Photo courtesy of Richard and Susan Day, Daybreak Imagery
Roberta said that this work is one of her favorites, too, for the way that Audubon tells the whole story of courtship and nesting in one painting. Of course male chats would not be displaying right over an occupied nest, but she said she thinks of it more in a comic-strip way, that Audubon is telling the story of the male’s courtship, which culminates in a nest with the male feeding his mate as she incubates their eggs. You’ll see that in another painting, coming up.

Roberta pointed out that the belly-up male chat does not appear in the final print. Audubon got a lot of flak from ornithologists of the day for his exuberant poses, which he got from the living birds, as well as from the birds he wired to his drawing board. Having lived with breeding chats around our yard for 18 years, I can attest that they do fling themselves up into the air when they start their butterfly display flight. How frustrating it must have been for Audubon to have to tone down what he knew to be right and true, in order to satisfy an audience that was both more conservative and less experienced than he.

 I had a lovely ink drawing of an American redstart, flinging itself up into the air after a leafhopper, that was rejected by the ornithologist for whose species account I drew it, because “redstarts never do that.” Oh. How odd that an ornithologist would employ the word “never” when referring to the movements of our most acrobatic and agile warbler.
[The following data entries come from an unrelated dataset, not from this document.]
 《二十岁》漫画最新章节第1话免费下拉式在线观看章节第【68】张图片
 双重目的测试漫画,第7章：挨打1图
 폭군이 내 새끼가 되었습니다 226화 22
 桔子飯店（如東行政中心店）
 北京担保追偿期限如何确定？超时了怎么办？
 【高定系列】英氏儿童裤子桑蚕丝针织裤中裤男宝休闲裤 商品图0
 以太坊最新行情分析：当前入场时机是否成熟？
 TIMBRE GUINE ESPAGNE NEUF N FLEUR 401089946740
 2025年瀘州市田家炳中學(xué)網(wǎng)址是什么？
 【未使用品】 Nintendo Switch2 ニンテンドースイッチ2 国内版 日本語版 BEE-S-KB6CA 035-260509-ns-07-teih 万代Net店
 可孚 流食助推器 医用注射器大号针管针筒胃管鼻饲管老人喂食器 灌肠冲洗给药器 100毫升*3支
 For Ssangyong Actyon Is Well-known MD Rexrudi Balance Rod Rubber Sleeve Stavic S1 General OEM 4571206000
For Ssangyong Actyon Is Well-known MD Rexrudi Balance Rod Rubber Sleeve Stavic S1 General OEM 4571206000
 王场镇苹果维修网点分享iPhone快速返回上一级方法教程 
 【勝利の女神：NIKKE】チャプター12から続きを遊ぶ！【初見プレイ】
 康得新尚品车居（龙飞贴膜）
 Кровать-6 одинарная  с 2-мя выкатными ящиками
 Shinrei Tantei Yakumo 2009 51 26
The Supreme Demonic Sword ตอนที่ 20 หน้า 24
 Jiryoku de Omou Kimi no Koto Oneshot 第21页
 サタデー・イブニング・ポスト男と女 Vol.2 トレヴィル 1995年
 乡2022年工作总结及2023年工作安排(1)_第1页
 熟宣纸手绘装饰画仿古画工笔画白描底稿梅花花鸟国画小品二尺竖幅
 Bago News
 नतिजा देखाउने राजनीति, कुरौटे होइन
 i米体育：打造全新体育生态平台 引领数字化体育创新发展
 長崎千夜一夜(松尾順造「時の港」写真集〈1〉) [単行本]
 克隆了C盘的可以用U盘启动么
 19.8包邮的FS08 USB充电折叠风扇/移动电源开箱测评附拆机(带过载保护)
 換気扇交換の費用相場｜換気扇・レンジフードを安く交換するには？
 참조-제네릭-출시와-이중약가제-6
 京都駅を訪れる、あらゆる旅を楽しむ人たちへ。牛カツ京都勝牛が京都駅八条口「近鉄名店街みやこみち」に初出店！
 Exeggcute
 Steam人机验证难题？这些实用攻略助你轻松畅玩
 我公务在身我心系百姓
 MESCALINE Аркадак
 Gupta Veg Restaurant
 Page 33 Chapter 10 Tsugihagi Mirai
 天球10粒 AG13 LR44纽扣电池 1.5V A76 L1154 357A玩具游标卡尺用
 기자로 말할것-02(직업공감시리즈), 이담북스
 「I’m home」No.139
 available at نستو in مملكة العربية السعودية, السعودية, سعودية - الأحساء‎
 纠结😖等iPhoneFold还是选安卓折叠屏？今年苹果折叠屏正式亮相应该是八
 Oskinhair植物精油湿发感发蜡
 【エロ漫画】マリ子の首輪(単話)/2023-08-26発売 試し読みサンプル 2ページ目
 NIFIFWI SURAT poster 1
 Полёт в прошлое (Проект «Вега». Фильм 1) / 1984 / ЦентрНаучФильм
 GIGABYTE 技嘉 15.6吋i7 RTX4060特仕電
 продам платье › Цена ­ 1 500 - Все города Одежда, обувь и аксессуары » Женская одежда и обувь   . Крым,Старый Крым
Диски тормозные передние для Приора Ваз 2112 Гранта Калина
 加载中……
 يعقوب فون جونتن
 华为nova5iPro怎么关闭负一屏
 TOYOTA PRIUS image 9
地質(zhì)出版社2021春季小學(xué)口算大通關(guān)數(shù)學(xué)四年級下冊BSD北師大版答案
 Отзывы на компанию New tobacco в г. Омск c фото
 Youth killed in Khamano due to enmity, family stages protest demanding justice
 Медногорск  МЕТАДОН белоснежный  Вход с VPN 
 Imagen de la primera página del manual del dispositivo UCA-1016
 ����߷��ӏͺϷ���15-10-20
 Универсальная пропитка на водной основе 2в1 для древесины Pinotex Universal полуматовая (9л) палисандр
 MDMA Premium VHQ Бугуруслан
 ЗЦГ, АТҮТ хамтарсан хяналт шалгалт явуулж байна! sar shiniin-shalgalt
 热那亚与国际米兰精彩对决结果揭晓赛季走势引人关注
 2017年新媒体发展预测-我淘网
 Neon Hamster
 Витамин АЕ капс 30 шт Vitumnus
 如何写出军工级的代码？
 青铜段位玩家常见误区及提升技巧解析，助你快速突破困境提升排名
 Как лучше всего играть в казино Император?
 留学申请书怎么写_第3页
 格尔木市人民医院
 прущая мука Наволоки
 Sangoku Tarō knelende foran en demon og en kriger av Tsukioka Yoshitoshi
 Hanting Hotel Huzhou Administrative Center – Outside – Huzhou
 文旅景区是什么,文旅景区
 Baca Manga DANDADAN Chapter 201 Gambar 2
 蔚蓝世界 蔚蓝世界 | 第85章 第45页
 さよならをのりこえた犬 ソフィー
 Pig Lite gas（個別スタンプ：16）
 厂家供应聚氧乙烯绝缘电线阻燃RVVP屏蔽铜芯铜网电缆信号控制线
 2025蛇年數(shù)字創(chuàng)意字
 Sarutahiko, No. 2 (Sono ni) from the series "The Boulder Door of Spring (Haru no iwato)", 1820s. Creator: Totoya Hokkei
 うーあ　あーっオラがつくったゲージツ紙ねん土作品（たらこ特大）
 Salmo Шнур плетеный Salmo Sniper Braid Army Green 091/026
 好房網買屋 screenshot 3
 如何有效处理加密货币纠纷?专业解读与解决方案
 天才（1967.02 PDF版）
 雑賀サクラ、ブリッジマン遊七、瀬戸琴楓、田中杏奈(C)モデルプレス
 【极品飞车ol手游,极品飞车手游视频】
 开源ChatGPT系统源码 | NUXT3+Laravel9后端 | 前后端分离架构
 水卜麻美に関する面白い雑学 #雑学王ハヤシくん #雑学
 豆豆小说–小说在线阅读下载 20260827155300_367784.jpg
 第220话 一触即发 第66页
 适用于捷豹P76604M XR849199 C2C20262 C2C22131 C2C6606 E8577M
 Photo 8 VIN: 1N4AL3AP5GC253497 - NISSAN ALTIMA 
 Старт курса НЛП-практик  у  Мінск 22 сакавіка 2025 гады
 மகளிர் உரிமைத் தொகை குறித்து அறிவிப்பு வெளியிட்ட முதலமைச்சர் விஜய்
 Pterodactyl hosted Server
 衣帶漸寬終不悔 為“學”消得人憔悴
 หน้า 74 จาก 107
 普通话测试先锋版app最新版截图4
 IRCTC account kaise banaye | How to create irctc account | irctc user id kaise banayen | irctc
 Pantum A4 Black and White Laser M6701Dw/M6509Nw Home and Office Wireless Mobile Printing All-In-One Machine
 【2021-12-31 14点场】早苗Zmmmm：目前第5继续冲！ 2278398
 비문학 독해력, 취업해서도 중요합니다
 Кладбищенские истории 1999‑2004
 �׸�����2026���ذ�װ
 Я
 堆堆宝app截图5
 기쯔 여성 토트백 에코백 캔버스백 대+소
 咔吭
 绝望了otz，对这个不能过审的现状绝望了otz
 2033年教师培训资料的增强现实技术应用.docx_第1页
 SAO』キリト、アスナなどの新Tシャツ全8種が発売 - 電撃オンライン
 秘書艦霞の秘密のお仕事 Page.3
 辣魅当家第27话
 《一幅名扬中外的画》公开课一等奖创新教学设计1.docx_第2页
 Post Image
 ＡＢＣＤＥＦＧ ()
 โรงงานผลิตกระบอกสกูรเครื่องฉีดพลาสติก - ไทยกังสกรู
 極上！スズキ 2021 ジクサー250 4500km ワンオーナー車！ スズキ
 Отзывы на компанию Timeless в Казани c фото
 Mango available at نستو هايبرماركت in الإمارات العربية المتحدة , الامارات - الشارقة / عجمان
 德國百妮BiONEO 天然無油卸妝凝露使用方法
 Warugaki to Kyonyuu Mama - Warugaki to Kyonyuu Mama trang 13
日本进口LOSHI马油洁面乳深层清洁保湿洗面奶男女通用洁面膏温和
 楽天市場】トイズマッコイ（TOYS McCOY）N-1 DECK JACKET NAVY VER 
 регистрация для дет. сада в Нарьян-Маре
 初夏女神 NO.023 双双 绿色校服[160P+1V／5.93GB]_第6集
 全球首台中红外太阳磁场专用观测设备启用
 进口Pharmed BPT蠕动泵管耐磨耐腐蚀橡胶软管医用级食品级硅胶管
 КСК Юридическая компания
I’ve seen redstarts fling themselves straight up, straight down in a flurry of wings and tail, turning themselves inside out—whatever it takes to catch the insect. But however much the artist grumbles, the client is always right, so I did another drawing.


Chats are one of my very favorite songbirds. Their cacophony of sounds always makes me chortle and wonder about their sanity... as they no doubt wonder about mine, when I try to imitate them.

I was watching a ruby crowned kinglet picking bugs out of an autumn olive. He would put his wings out across the branches, stretch forward and seemingly "surf" the bush to capture his prey. I was amazed, but managed to get only a few blurry images as it was early morning and we were in the shade.

I have no doubt that Adubon was right, as you were about your redstart. Too often those who think they know everything quickly dismiss anything they haven't seen themselves. Just ask Jane Goodall about that! I myself don't think it wise to ever say never when it comes to our winged and furred friends.

Love this post--exquisite painting, photo and ink sketch. Most of all I enjoyed the discussion of "never", a word easily flung about but seldom accurate. Every day can bring a new observation, especially when you're seeing the behavior of a familiar species with fresh eyes.

One thing that birds will teach you is to never say never. Marvelous drawing you made. I am sure Mr Audubon would be appreciate your efforts.

Love it! Observation trumping "expertise"! Dueling experts! Contradictory literature! I'd love to read or write a whole book on the topic. Most of all I love stories of scientists tipped off by "local farm boys" of some unusual animal behavior that leads to a "great discovery" (sort of like Columbus "discovering" America)!

I came across a peculiar controversy over which of a tadpole's arms pops out first: left or right. Watched and watched (through a binocular microscope) until I think I have an answer: that it's USUALLY the left -- because the opening for the gills on that side makes it easier -- but not ALWAYS. Experts: am I right? :-)

Too bad I wasn't your client! I saw my first American redstart this fall; it was throwing itself around our silver maple in puruit of bugs. I actually though there was something wrong with it until I read about its behaviour (clearly not an account written by your client). Anyway, your picture pretty much captures my redstart experience.

Oh, the Yellow-breasted Chat: The one bird we failed to see on a birding trip to Ohio a few years ago. It's still at the top of my "must-see" list. Guess I'll have to go back to Ohio!